No discussion of access patterns is complete without some discussion of FIFO. Basically, FIFO has all sorts of nasty side effects – it tends to penalize indexing, renders various concurrency optimizations useless and tends to incur more disk searching in cases where swapping is required because the number of Entry’s is larger than available memory – it’s basically cache defeating (you actually want the least recently accessed Entry and that’s the first element to be swapped to disk by most decent caching algorithms). One can change cache policies etc but this can slow down other forms of search in cases where you want random access on top of the FIFO behaviour.

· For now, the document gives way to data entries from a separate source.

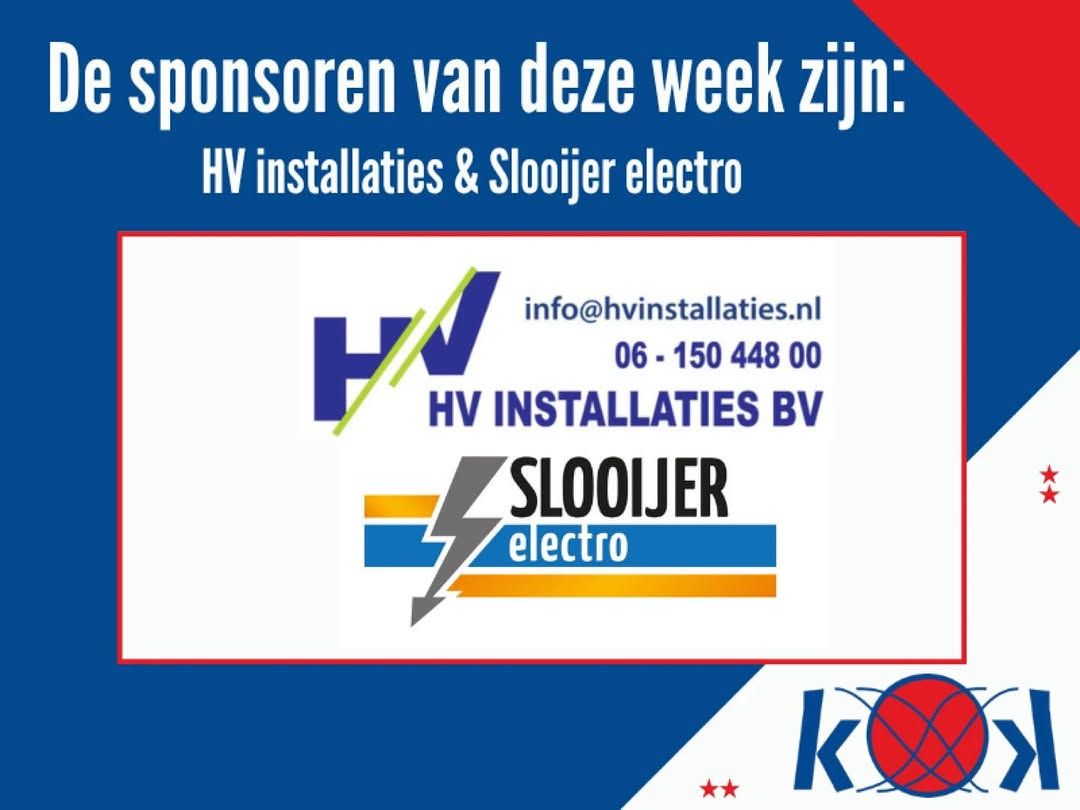 De sponsoren van deze week zijn HV installaties en Slooijer electra!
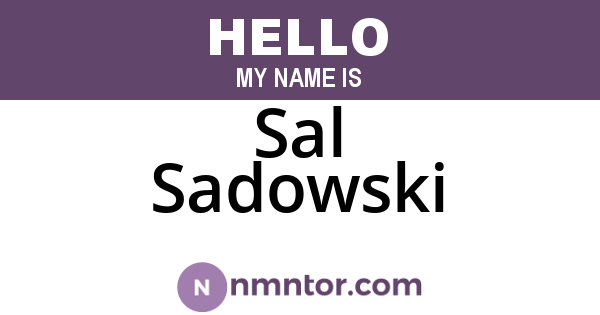 Sal Sadowski
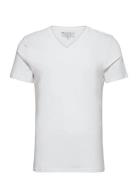 V-Neck T-Shirt Tops T-shirts Short-sleeved White Bread & Boxers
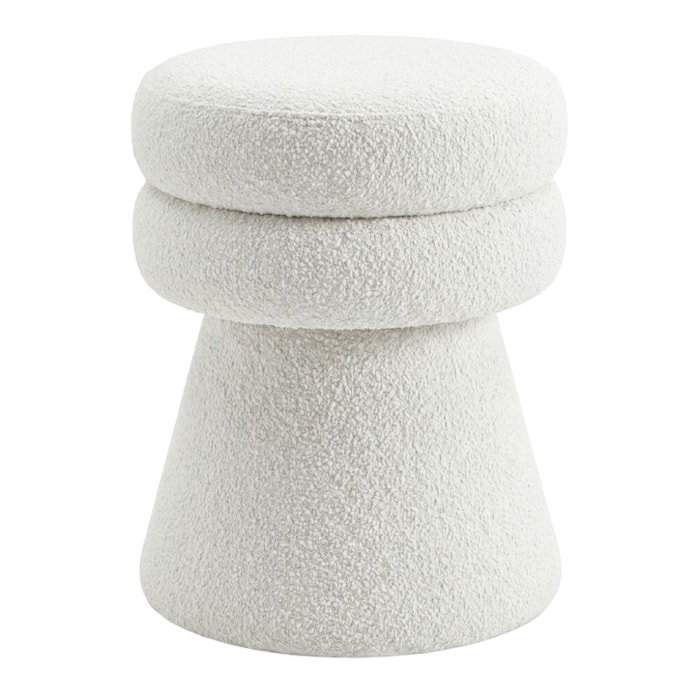 Puff Organico Cave 48x42 cm Base Giratoria Boucle TCE 1010 MOLL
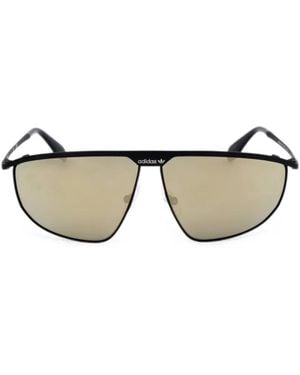 adidas Pilot-Frame Logo-Print Sunglasses - Black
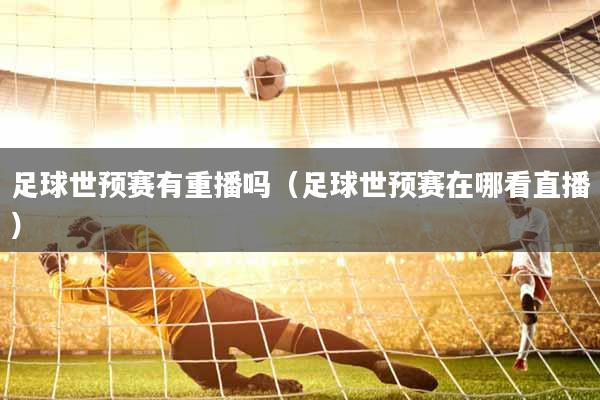 足球世预赛有重播吗（足球世预赛在哪看直播）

The amount of concurrent access stresses the transport. nio is the basic solution adopted here and those JavaSpaces running a custom socket protocol or using JERI (which has an nio option) are at an advantage. Concurrency also exaggerates issues associated with swapping particularly disk thrashing and the effectiveness of the cache policy. It can cause lock contention on caches (particularly in the presence of swapping) and other areas of the engine particularly in the implementation of the behaviour where a blocking take/read is awoken by the arrival of a new Entry from a write.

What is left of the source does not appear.